Now despite their success in many things, the America’s soil and the
company failed to yield dates a fraction as good as they do from growing
in the Saharan Sun​. This comes as no surprise, as everyone knows that the
soft, honey sweetness of deglet nour from one of the half million palm
trees in Tolga alone​ is just uncomparable to its competitors.
His booming voice rings throughout the house, “BUT NEVER LET THE TUNISIANS THINK DEGLET NOUR IS THEIRS.”

 

 

Our Tunisian neighbors, who often frequent the North African our dinner parties, do not dare to look up from their tagine and kesra.
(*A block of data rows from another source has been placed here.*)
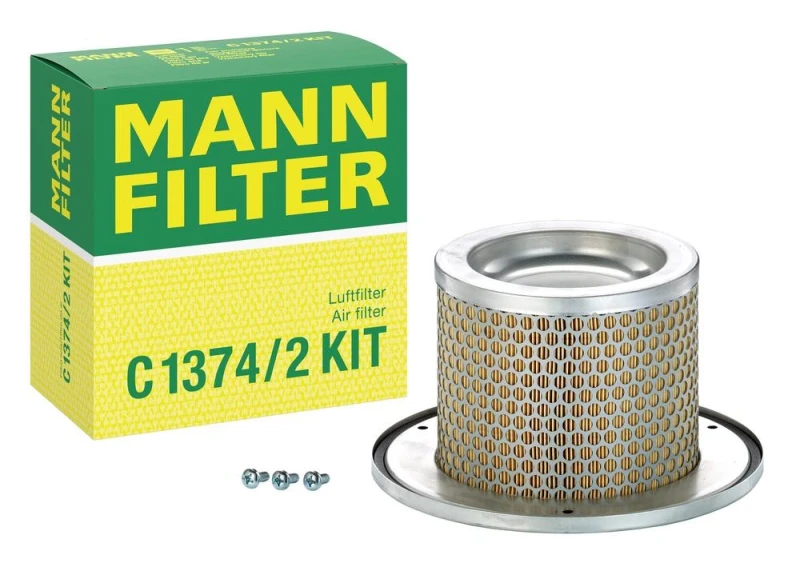 Image of Secondary Air Filter MANN-FILTER C 1374/2 KIT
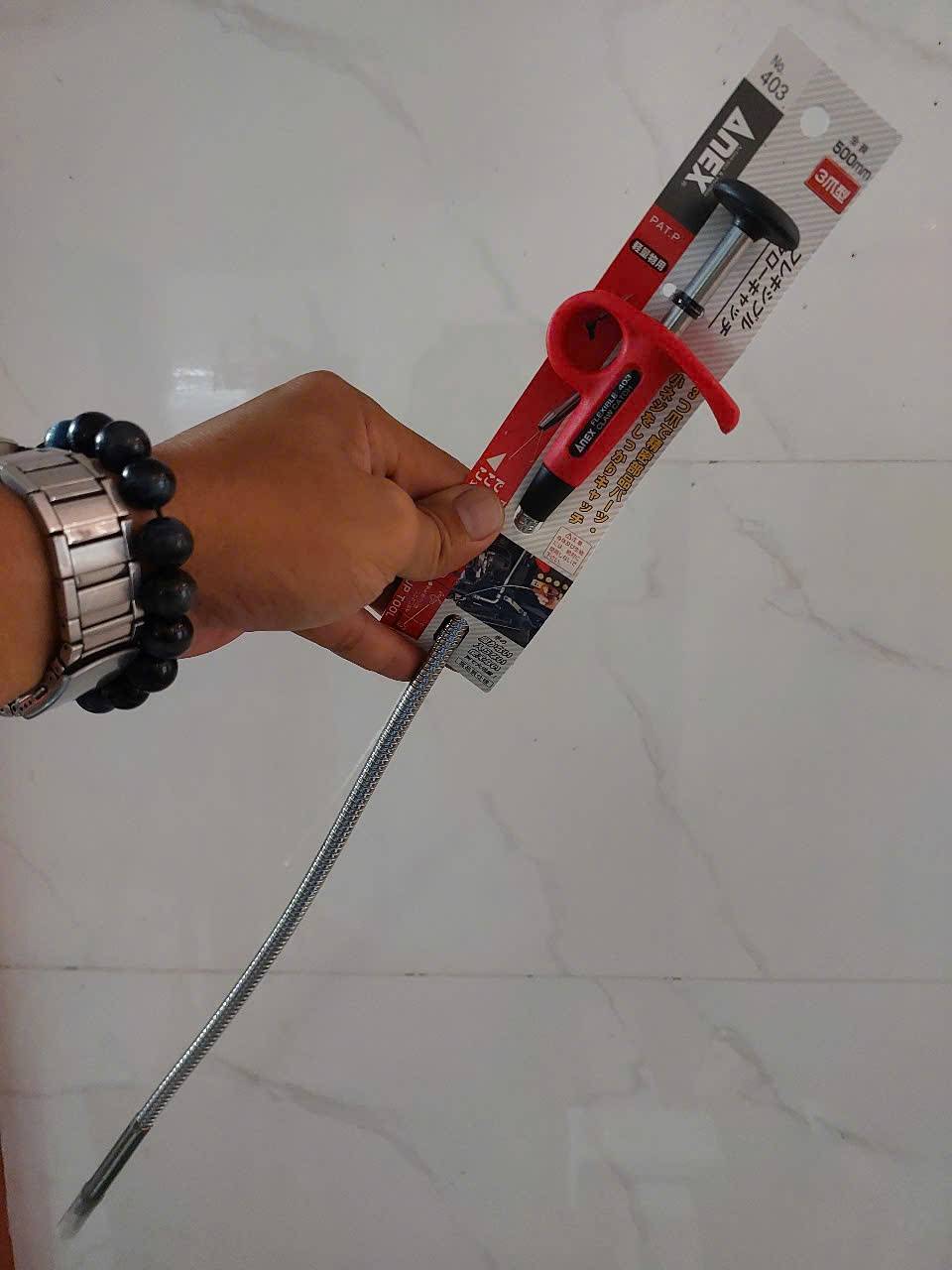 Thanh Nam châm gắp ốc dài 500mm Anex No.403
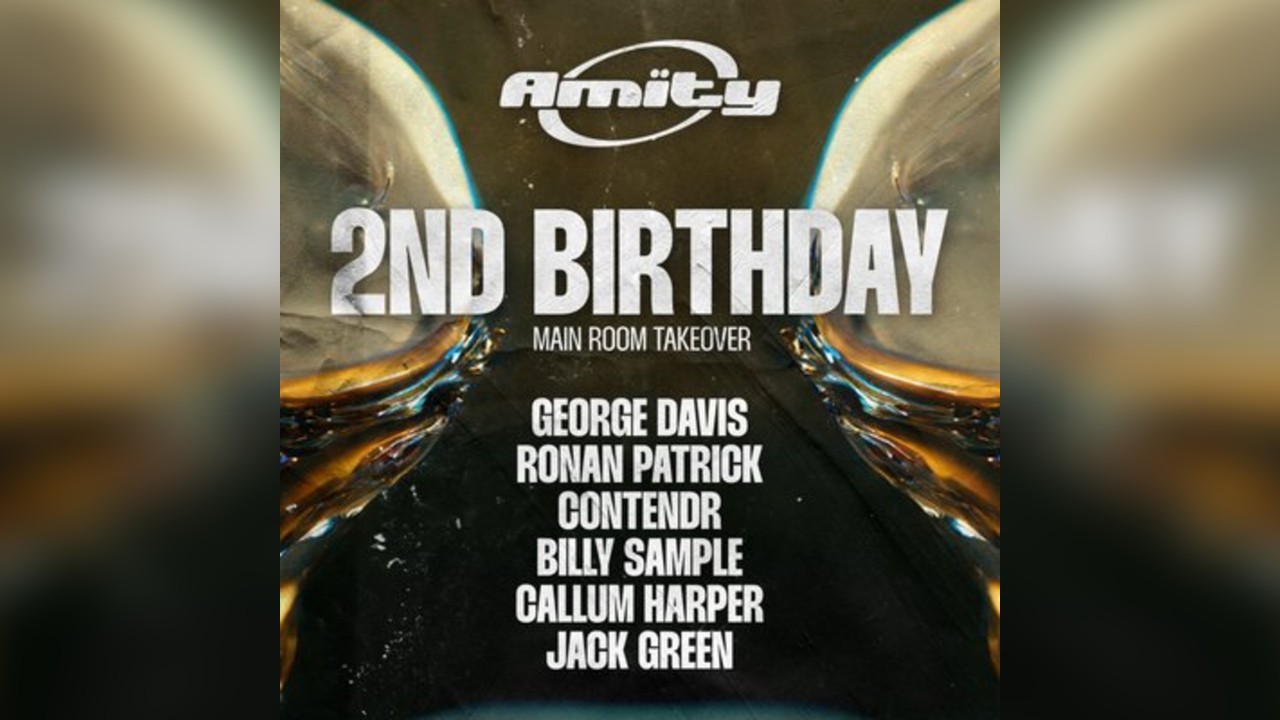 Amity's 2nd Birthday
The dispute the Algerian and Tunisian governments have had since the sale of degla became popular in the European Union and United States has yet to be settled, and certainly won’t over dinner. Tonton is too proud, much like the Algerian Ministry of Agriculture, who declared the right for dates to be labeled “Deglet Nour” for exclusively Algerian​ dates. Pride is one of the many Algerian traits that characterize our people, but who can blame us when our country and
Sahara produce dates like these!

The Sahara holds many hidden treasures people from all around the world
seek out. The small oases found in the middle of thousands of miles of
desert are almost like something out of a dream, and only there can these
miracle delicacies be found growing. Next time you find yourself in the
Algerian Sahara, have a degla for me and 3ami el Biskri.